## Exercise details:
Print only what runs from the line that includes "3612 Waynoka Dr, Carrollton, TX" to the end of the listing, word for word, and do not include any pictures.

## Data section:
-- Opening Marker --
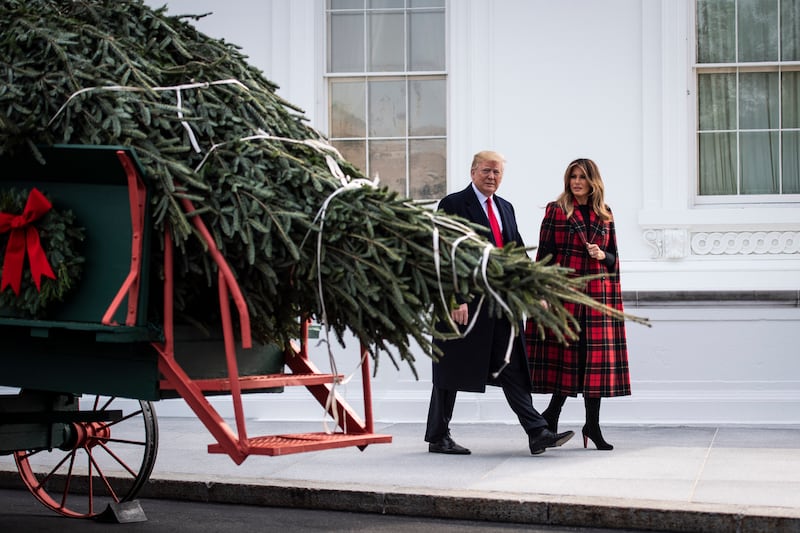 President Donald Trump and Melania Trump view the arrival of the White House Christmas tree on Monday, Nov. 19, 2018 in Washington, D.C.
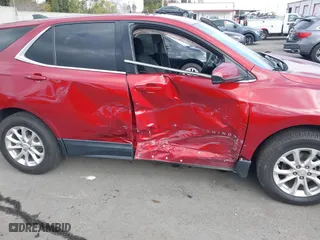 2018 Chevrolet Equinox LT with VIN 2GNAXJEV1J6129715, listed as a IAAI auction lot 41546715 with 143,941 mi miles. Bid and sale history available at carsss.com. Image 6.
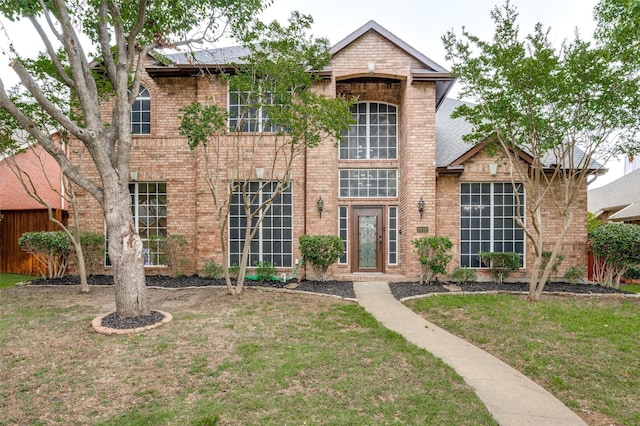3612 Waynoka Dr, Carrollton, TX 75007 - traditional-style house featuring brick siding and a front lawn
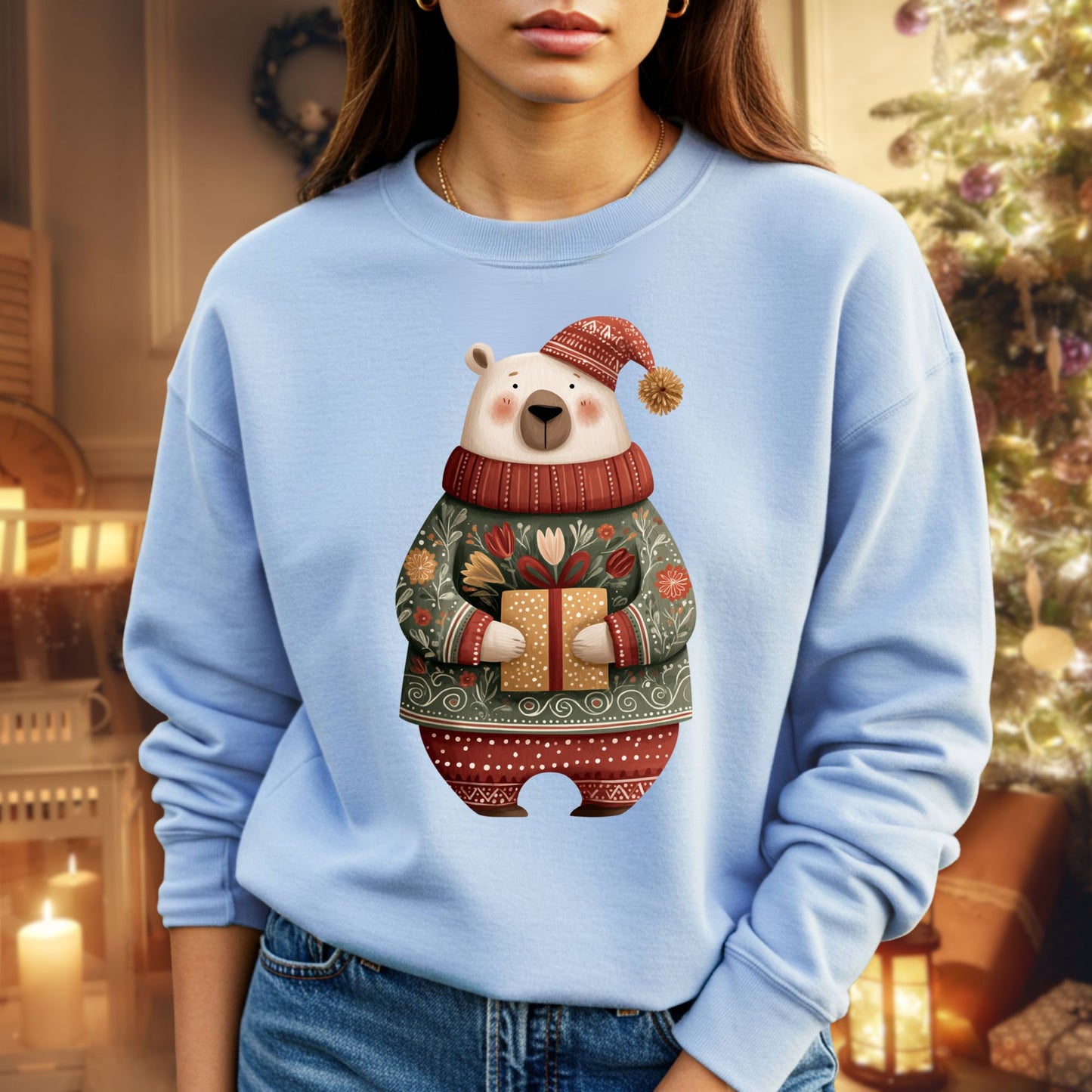 Light blue Gildan sweatshirt with a folk art polar bear in a fair isle sweater holding a gift.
-- Closing Marker --
## Problem solution:
3612 Waynoka Dr, Carrollton, TX 75007 - traditional-style house featuring brick siding and a front lawn
 Light blue Gildan sweatshirt with a folk art polar bear in a fair isle sweater holding a gift.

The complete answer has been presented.